● **Required work**
Only the pictures stay out; please return all the entries below exactly as written.

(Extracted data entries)
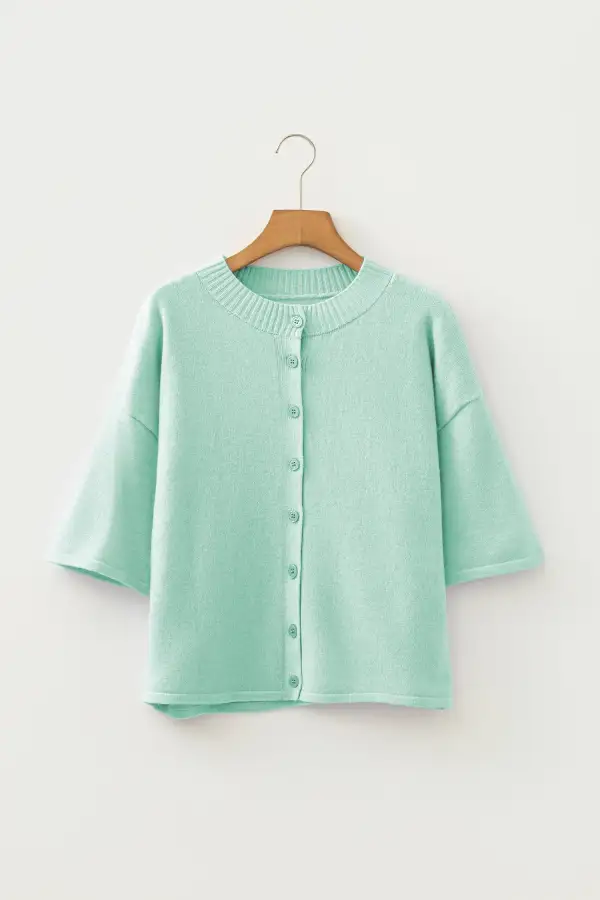 Three Quarter Sleeve Boxy Knit Button Front Everyday Layer Cardigan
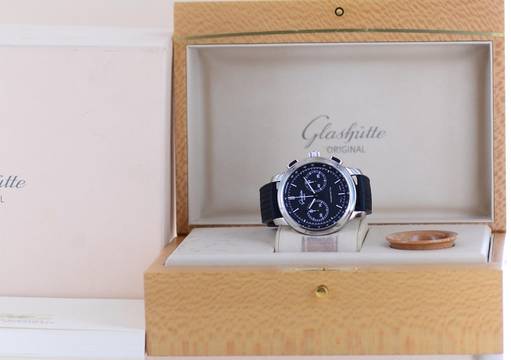 Glashütte Original Senator Chronograph XL Black 44mm Klassiker Cal 39 Edelstahl rar B+P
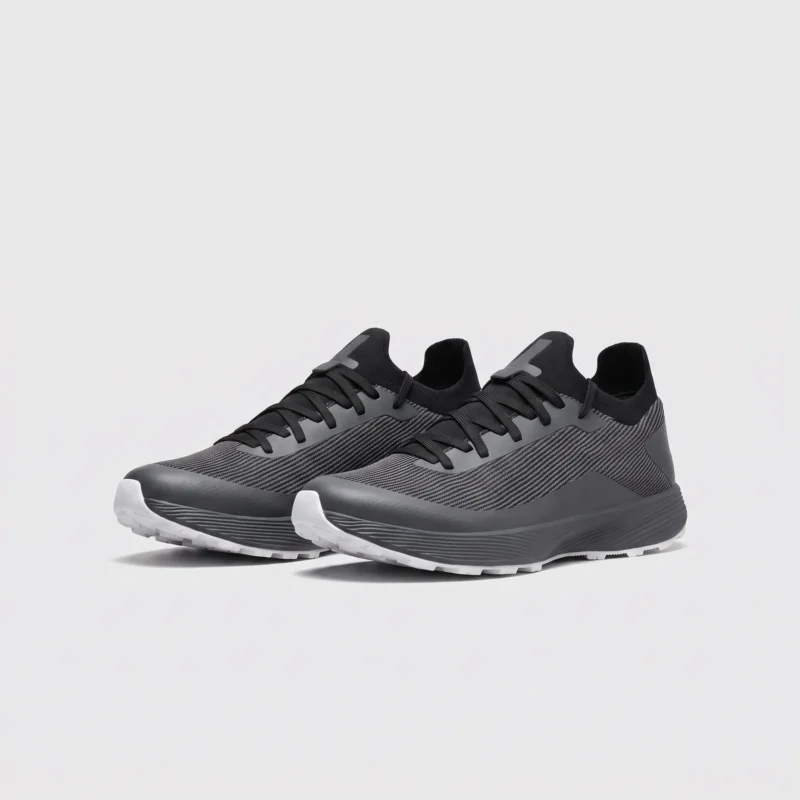 Lightweight trail running sneakers - gray front 45 degree pair view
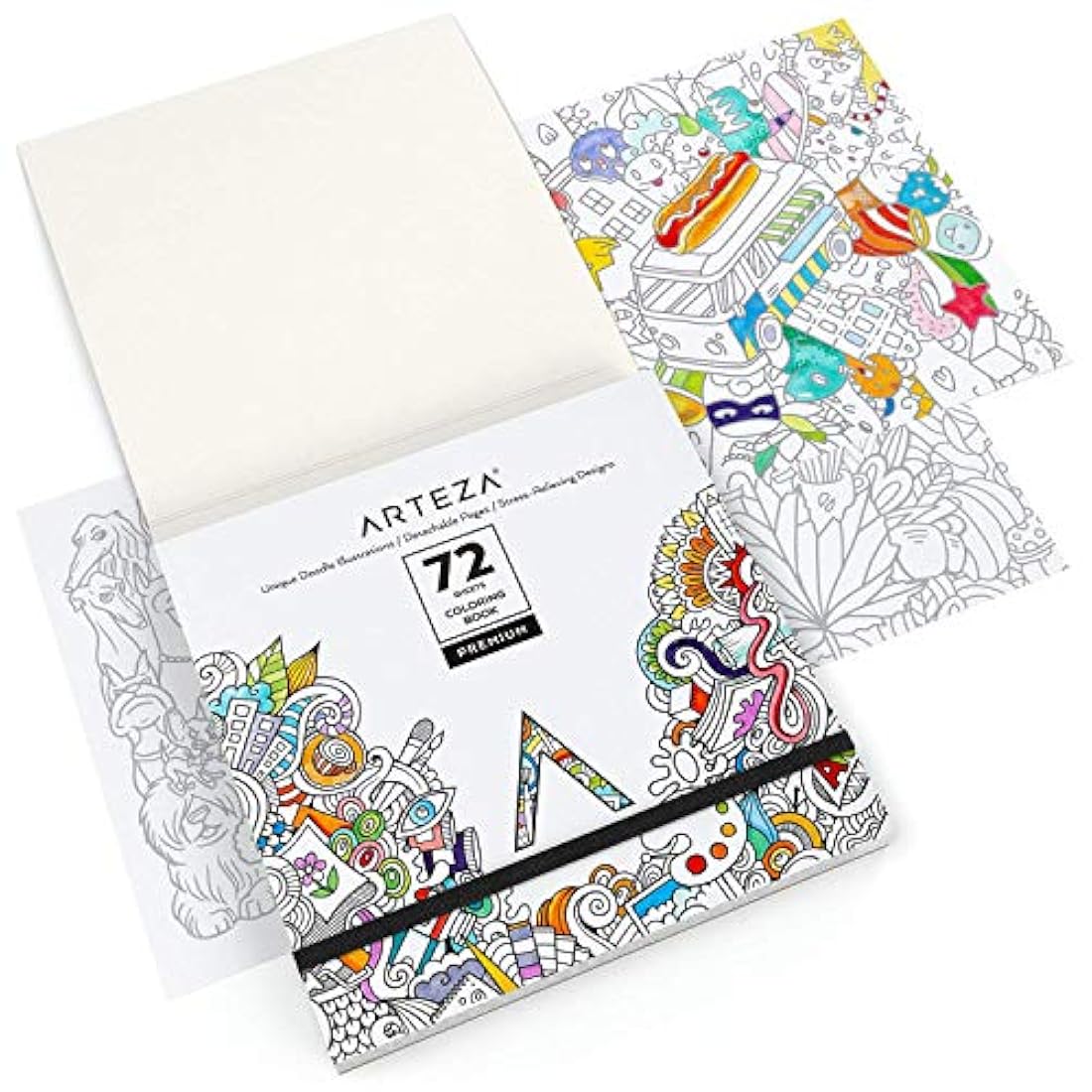Arteza Libro para colorear para adultos, diseños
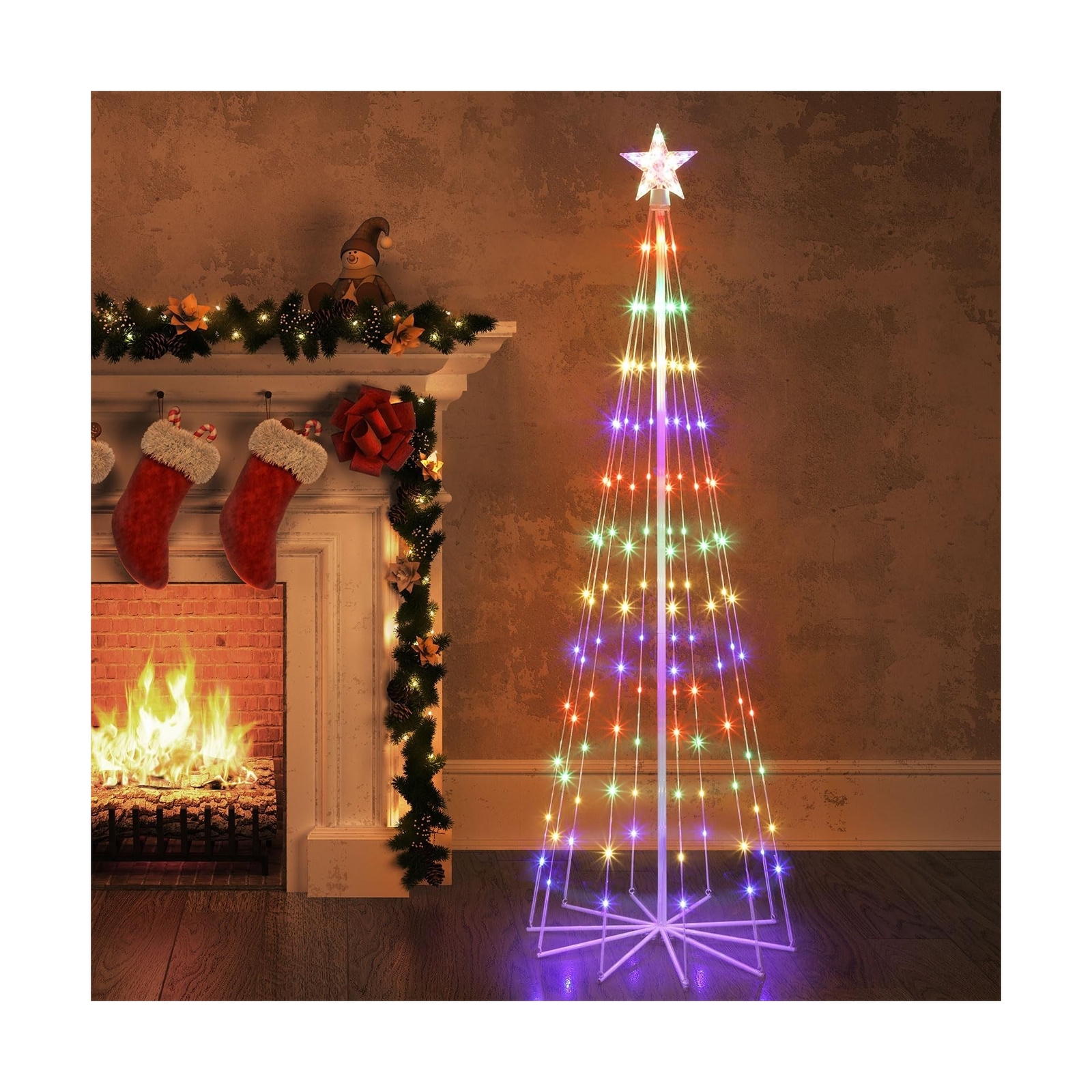 OUSHENG 6' Multicolor LED Animated Outdoor Christmas Tree Lightshow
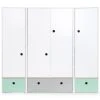 Wookids Armoire 4 Portes Vert Menthe-gris Perle-vert Menthe -Maisons du Monde boutique armoire 4 portes vert menthe gris perle vert menthe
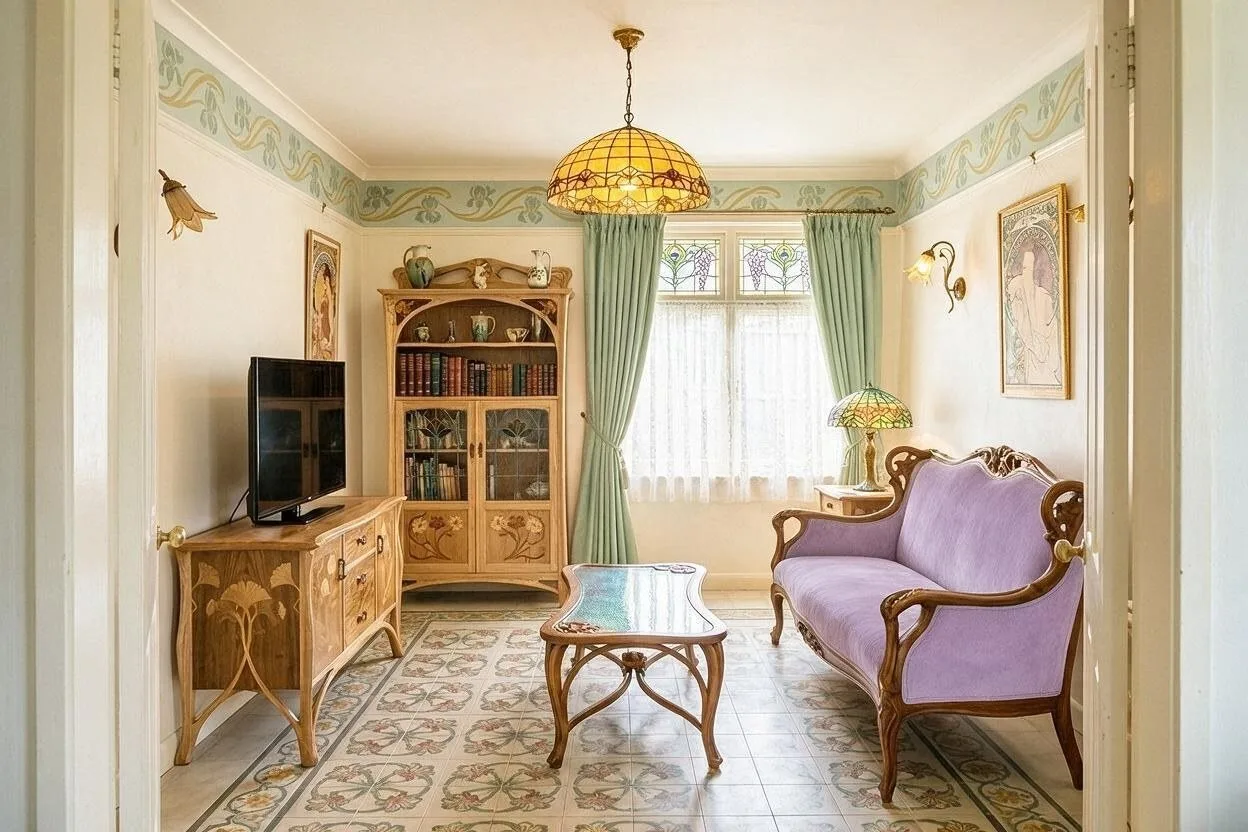 The same Art Nouveau living room in the Lilac Glass palette: cream, lilac, honey oak, sage, and old gold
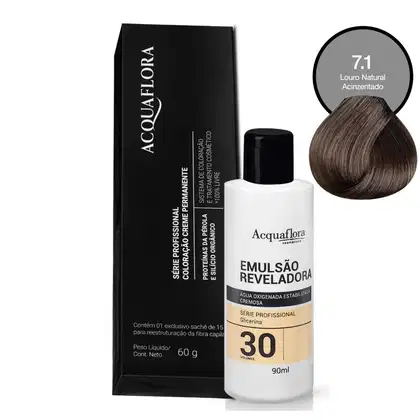 Coloração Acquaflora 7.1 60g + Água Oxigenada 30 Volumes 90ml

● **Solution below**
 Three Quarter Sleeve Boxy Knit Button Front Everyday Layer Cardigan
 Glashütte Original Senator Chronograph XL Black 44mm Klassiker Cal 39 Edelstahl rar B+P
 Lightweight trail running sneakers - gray front 45 degree pair view
Arteza Libro para colorear para adultos, diseños
 OUSHENG 6' Multicolor LED Animated Outdoor Christmas Tree Lightshow
 Wookids Armoire 4 Portes Vert Menthe-gris Perle-vert Menthe -Maisons du Monde boutique armoire 4 portes vert menthe gris perle vert menthe
 The same Art Nouveau living room in the Lilac Glass palette: cream, lilac, honey oak, sage, and old gold
 Coloração Acquaflora 7.1 60g + Água Oxigenada 30 Volumes 90ml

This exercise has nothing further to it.